*** Opening Material for the task ***

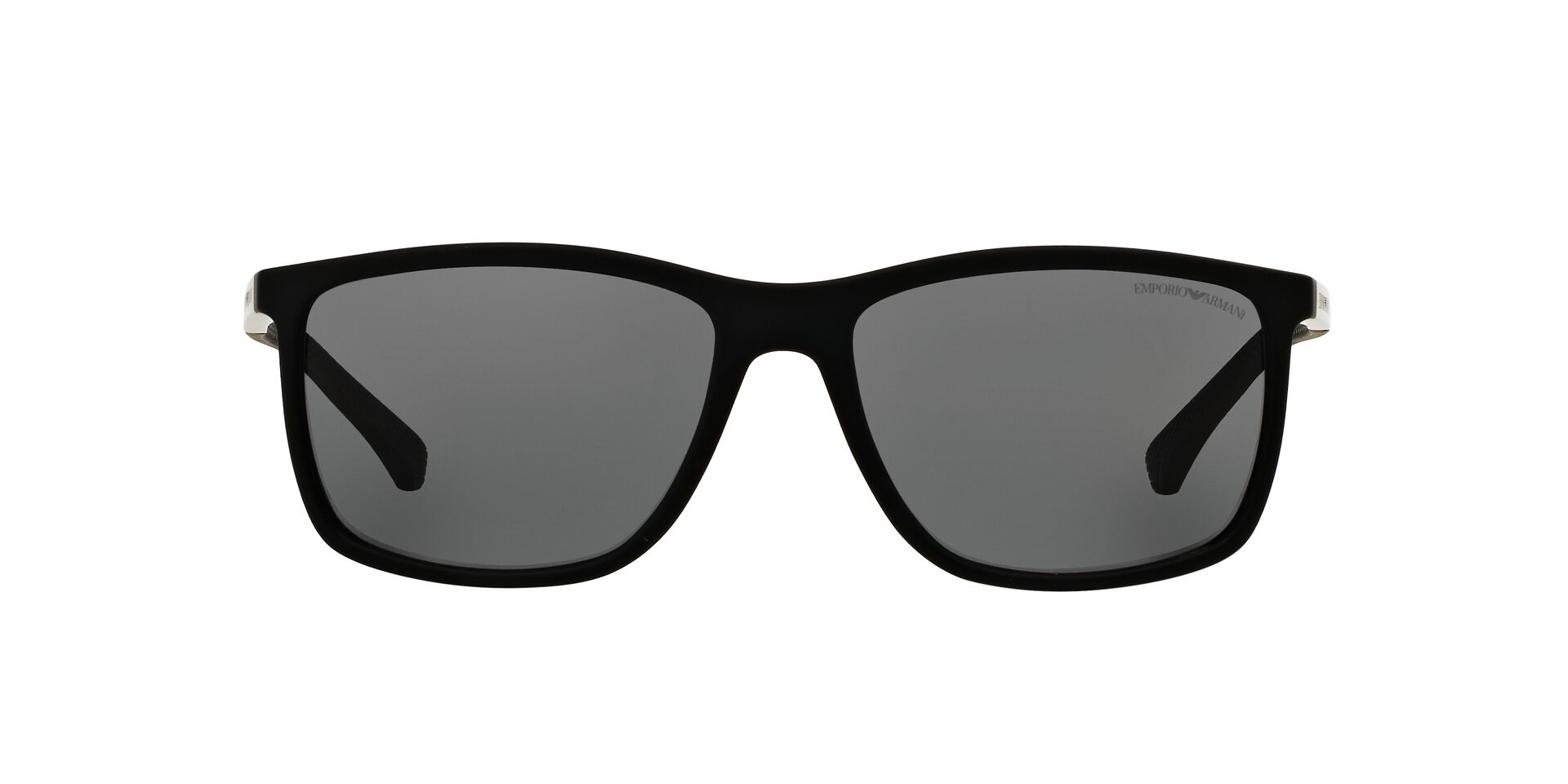 Emporio Armani 0EA4058 506381 58 erkek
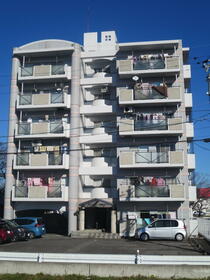 愛知県岡崎市稲熊町字８丁目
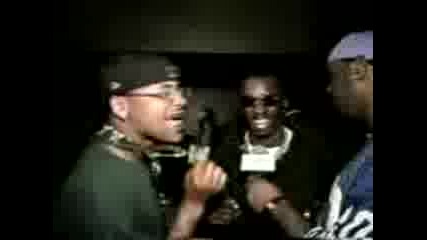 Wayne na 14 godini : )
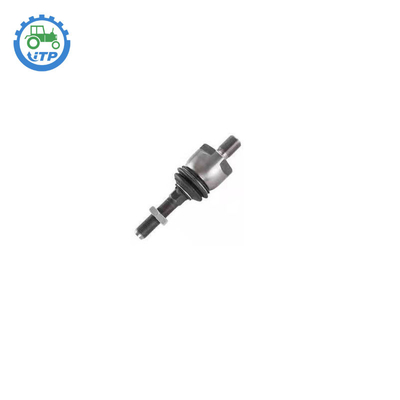 CS48 사건 IH 트랙터부는 공동 LH 1966127C1 0을 둥글게 만듭니다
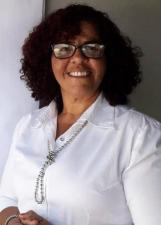 ELAINE CRISTINA RODRIGUES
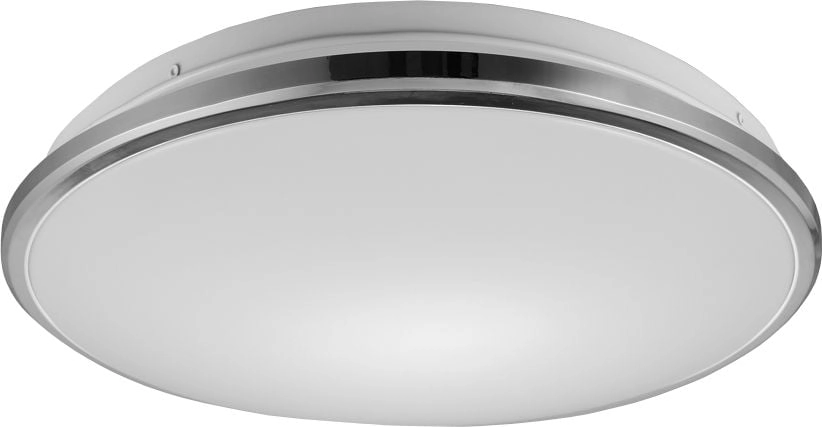 Lampa sufitowa Azzardo Lampa sufitowa z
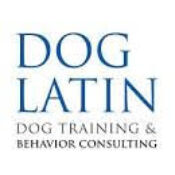 dog latin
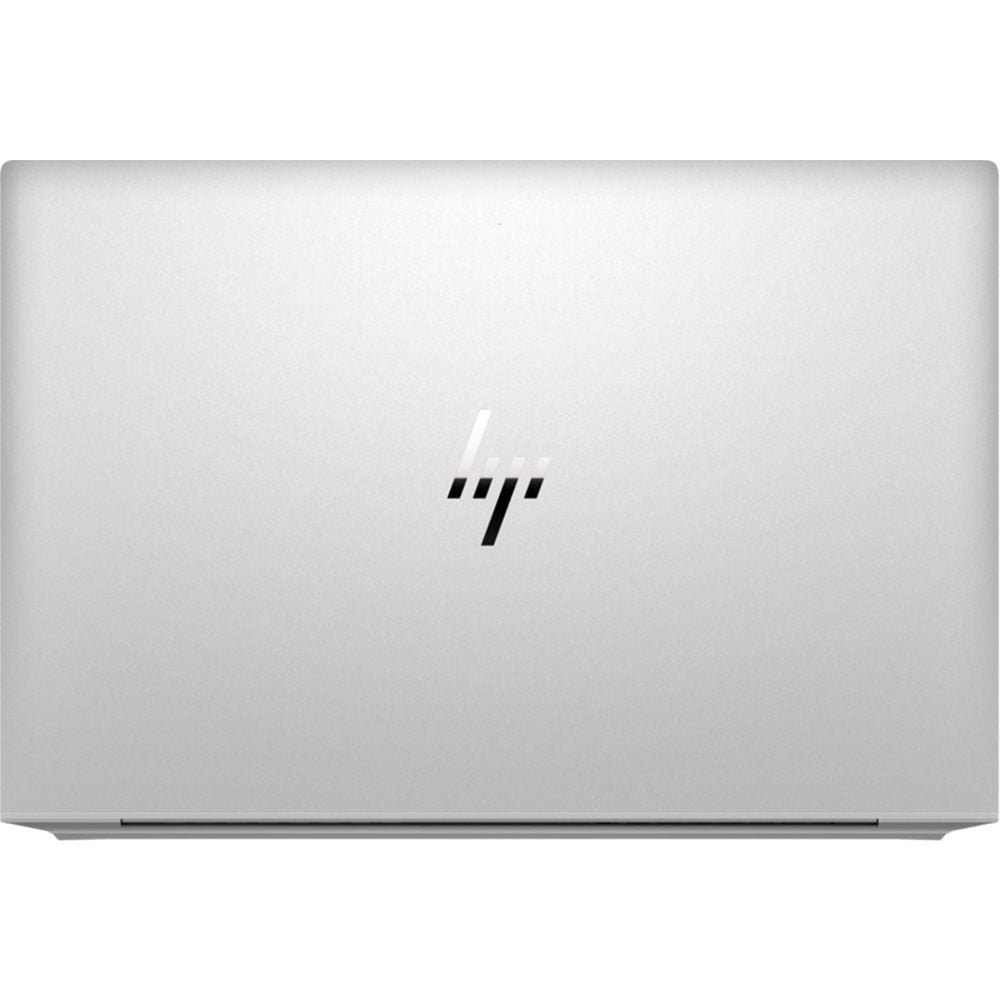 HP EliteBook 840 G8 – Core i5-1145G7 – 8G RAM – 256G SSD - Image 5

*** Closing Material for the task ***

Goal of the exercise =
Give back, word for word, the lines from the one with "愛知県岡崎市稲熊町字８丁目" to the end of the records above, and no pictures.

Written response =
 愛知県岡崎市稲熊町字８丁目
 Wayne na 14 godini : )
 CS48 사건 IH 트랙터부는 공동 LH 1966127C1 0을 둥글게 만듭니다
 ELAINE CRISTINA RODRIGUES
 Lampa sufitowa Azzardo Lampa sufitowa z
 dog latin
 HP EliteBook 840 G8 – Core i5-1145G7 – 8G RAM – 256G SSD - Image 5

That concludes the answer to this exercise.